Output all the records word for word. Drop the pictures.

Provided entries:
┌──

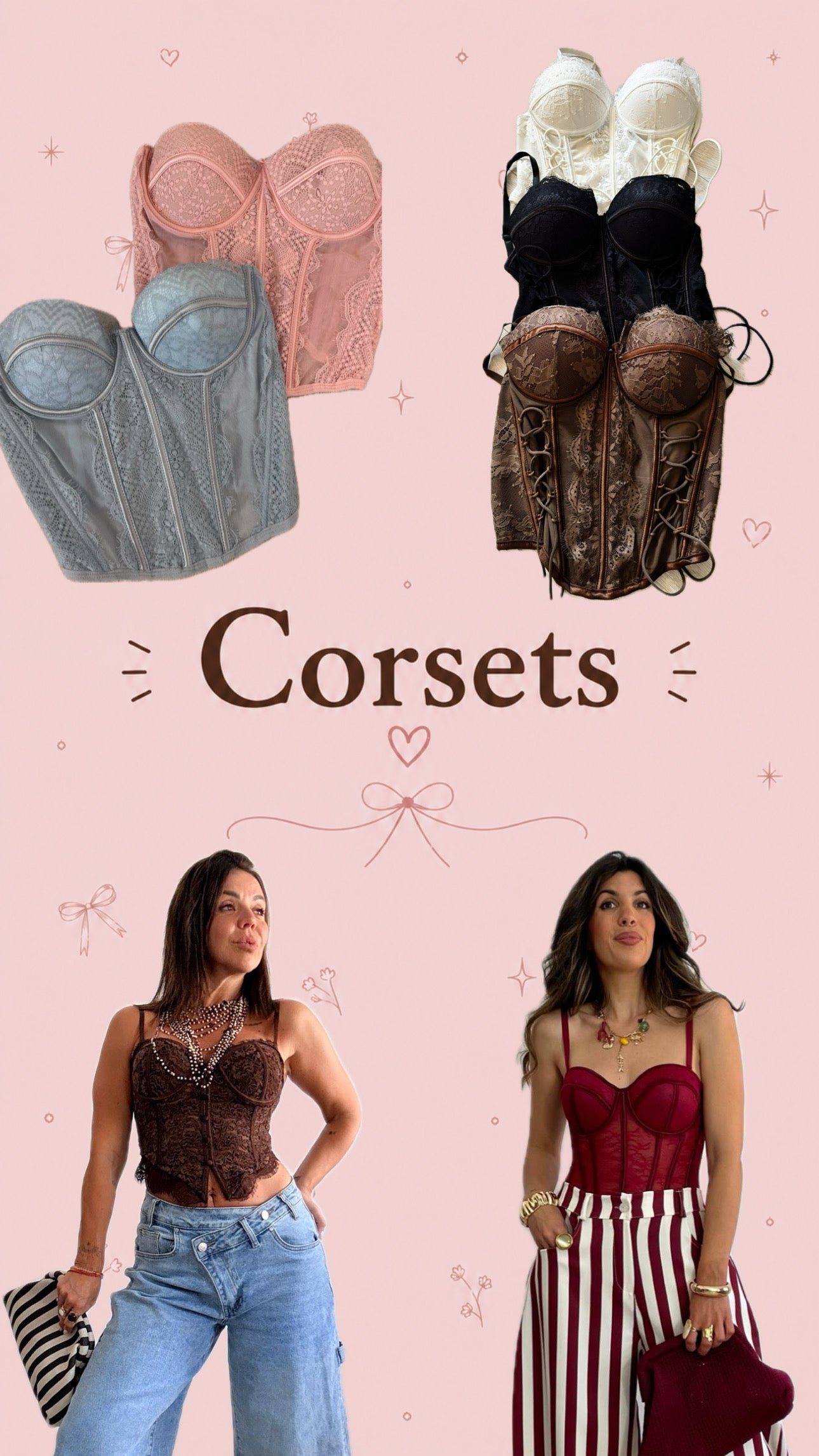 loobe home corsets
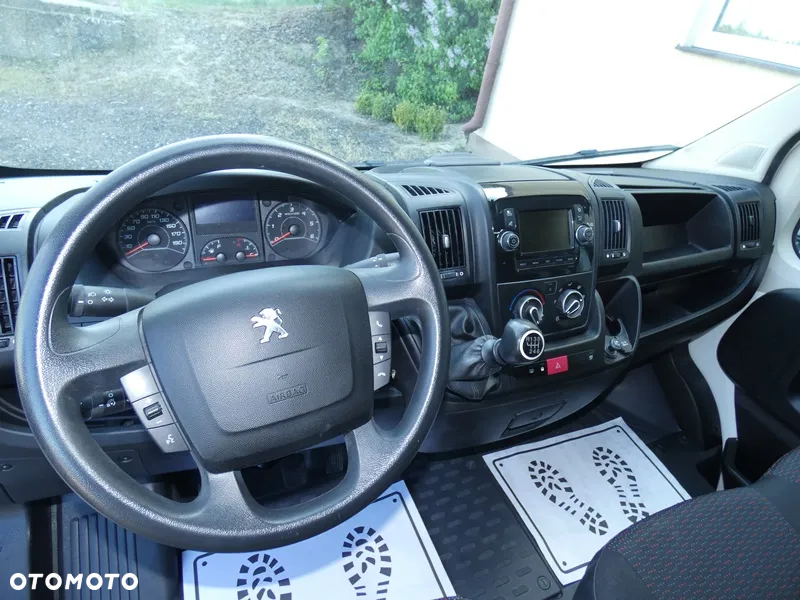Peugeot Boxer L3H3, klimatyzacja, czujniki - 11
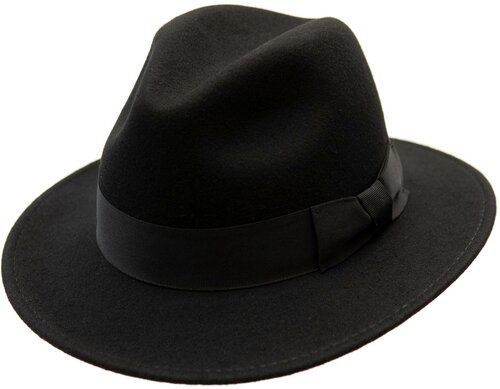 Шляпа Hathat, размер M, черный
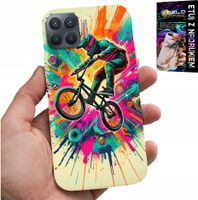 ETUI DO OPPO RENO 4 LITE - ROWERY BMX TRIKI SPORTY WYCZYNOWE +SZKŁO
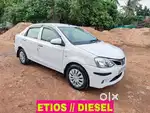 Toyota Etios GD, 2015, Diesel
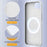 For iPhone 17e / 16e Case Compatible with MagSafe Anti-Drop Liquid Silicone Phone Cover - White - 6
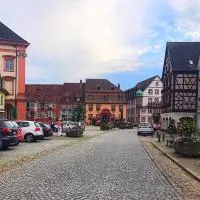 Blackforest Home Gengenbach nahe Europapark Rust, hotel di Gengenbach
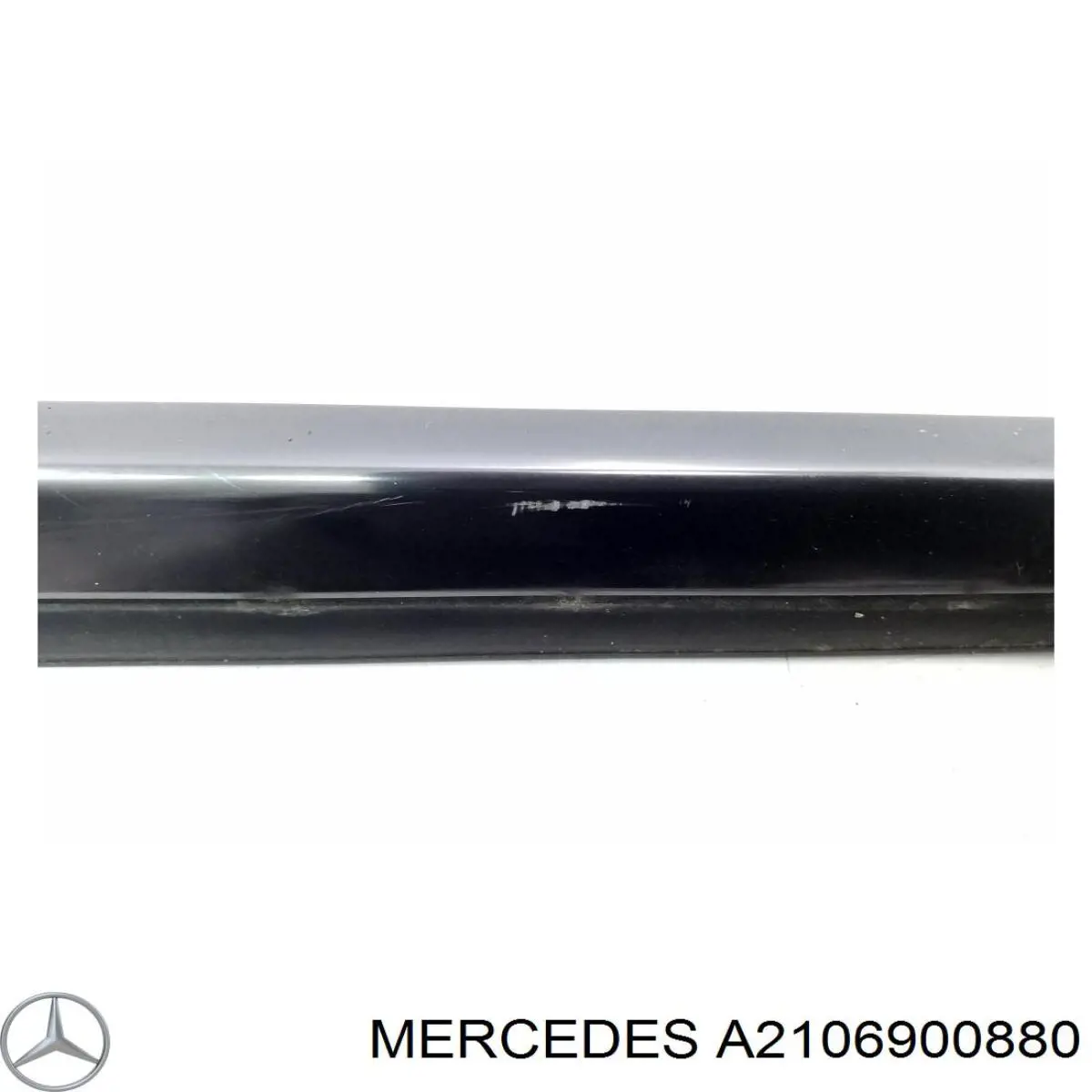 Молдинг опускного стекла двери передней правой Mercedes A2106900880 цена, от 6.21 USD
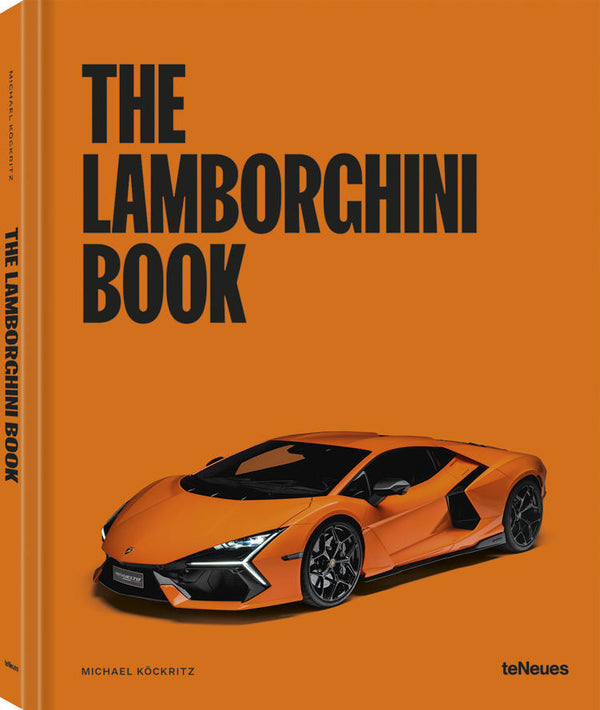 THE LAMBORGHINI BOOK VAN MICHAEL KÖCKRITZ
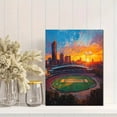 thumbnail image 2 of Melbourne Cricket Ground Sunset Canvas Print/Painting， Suitable for Living Room， Office， Study， and Hotel Decoration., 2 of 8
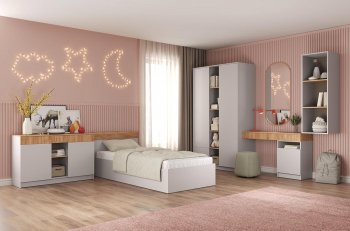 Набор детской мебели Прайм модульный (Олмеко) в Асбесте - asbest.mebel-e96.ru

└──

Solution to this exercise:
 loobe home corsets
Peugeot Boxer L3H3, klimatyzacja, czujniki - 11
 Шляпа Hathat, размер M, черный
 ETUI DO OPPO RENO 4 LITE - ROWERY BMX TRIKI SPORTY WYCZYNOWE +SZKŁO
 Toyota Etios GD, 2015, Diesel
 For iPhone 17e / 16e Case Compatible with MagSafe Anti-Drop Liquid Silicone Phone Cover - White - 6
 Blackforest Home Gengenbach nahe Europapark Rust, hotel di Gengenbach
 Молдинг опускного стекла двери передней правой Mercedes A2106900880 цена, от 6.21 USD
 THE LAMBORGHINI BOOK VAN MICHAEL KÖCKRITZ
 thumbnail image 2 of Melbourne Cricket Ground Sunset Canvas Print/Painting， Suitable for Living Room， Office， Study， and Hotel Decoration., 2 of 8
 Набор детской мебели Прайм модульный (Олмеко) в Асбесте - asbest.mebel-e96.ru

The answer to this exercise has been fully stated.